→ **Your objective**: In the records below, find the line that contains "موزن گوش و بینی" and the line that contains "Thin Ribbed Sport"; write out exactly those two lines and everything between them, without the pictures.

→ **Data in this exercise**:
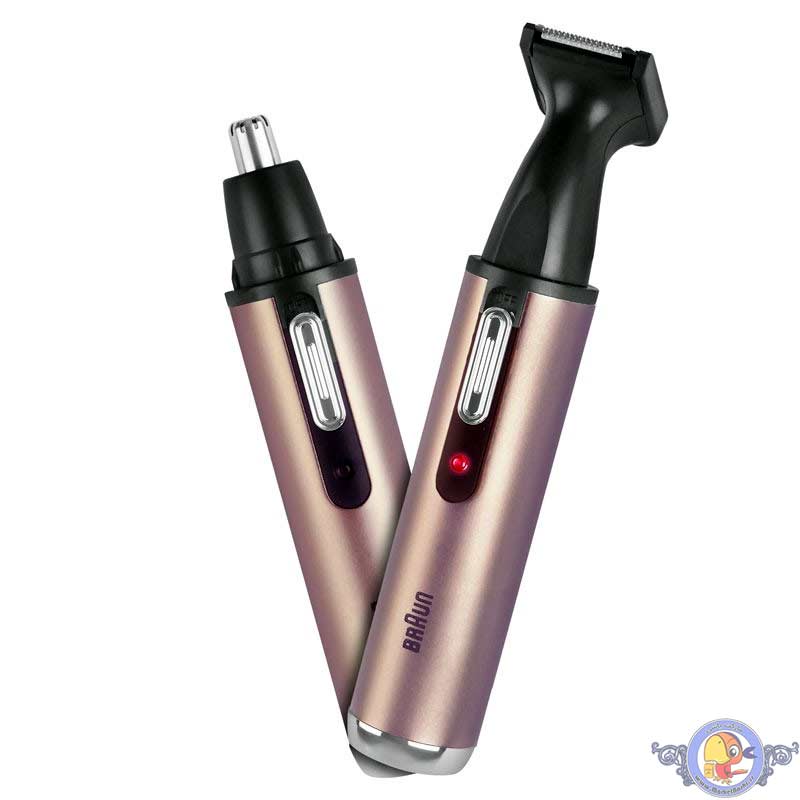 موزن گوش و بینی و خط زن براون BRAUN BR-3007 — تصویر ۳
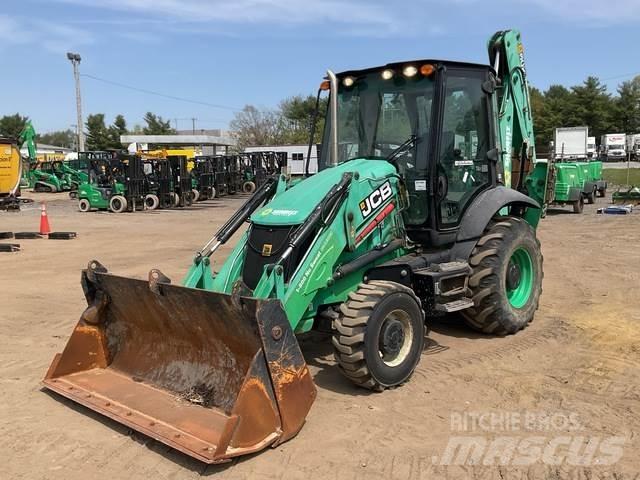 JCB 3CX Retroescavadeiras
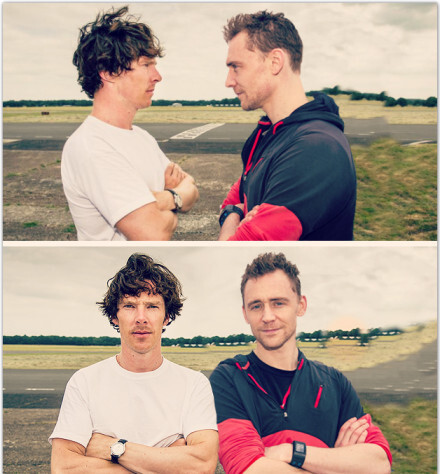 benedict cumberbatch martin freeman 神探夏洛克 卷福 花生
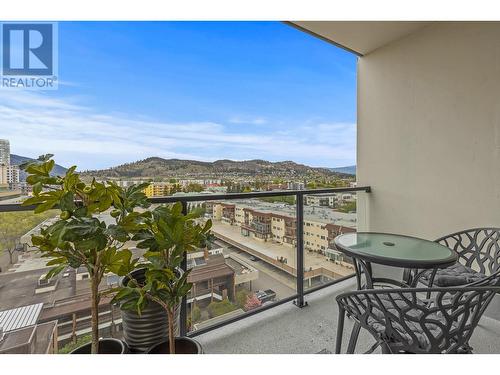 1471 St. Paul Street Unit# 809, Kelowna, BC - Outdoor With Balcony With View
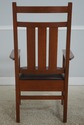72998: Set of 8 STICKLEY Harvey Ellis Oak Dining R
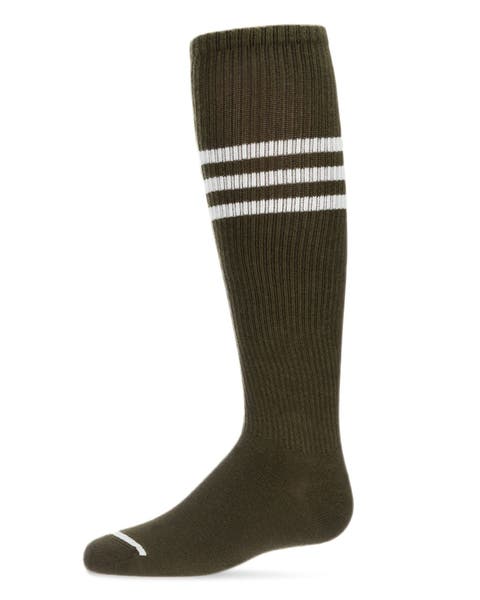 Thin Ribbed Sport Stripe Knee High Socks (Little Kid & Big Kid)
* * *
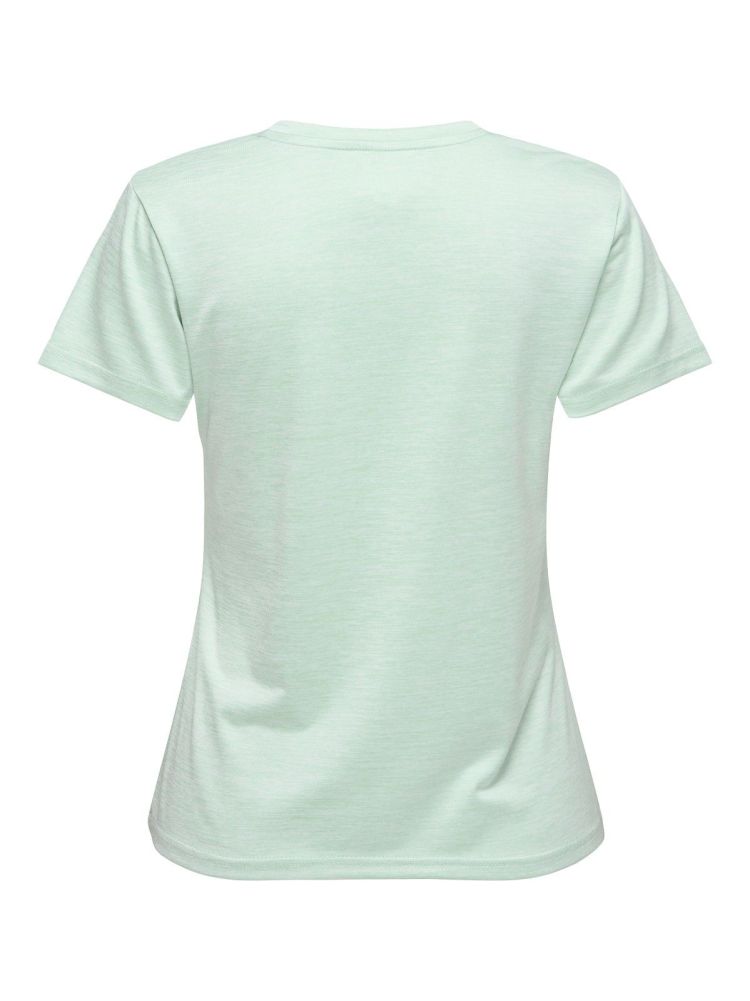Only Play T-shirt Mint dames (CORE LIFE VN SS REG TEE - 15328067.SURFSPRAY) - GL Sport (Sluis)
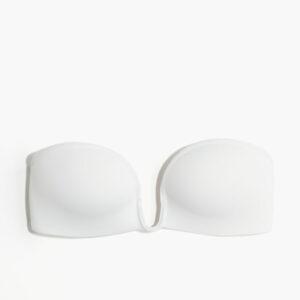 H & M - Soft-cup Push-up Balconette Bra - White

→ **Response box**:
 موزن گوش و بینی و خط زن براون BRAUN BR-3007 — تصویر ۳
 JCB 3CX Retroescavadeiras
 benedict cumberbatch martin freeman 神探夏洛克 卷福 花生
 1471 St. Paul Street Unit# 809, Kelowna, BC - Outdoor With Balcony With View
72998: Set of 8 STICKLEY Harvey Ellis Oak Dining R
 Thin Ribbed Sport Stripe Knee High Socks (Little Kid & Big Kid)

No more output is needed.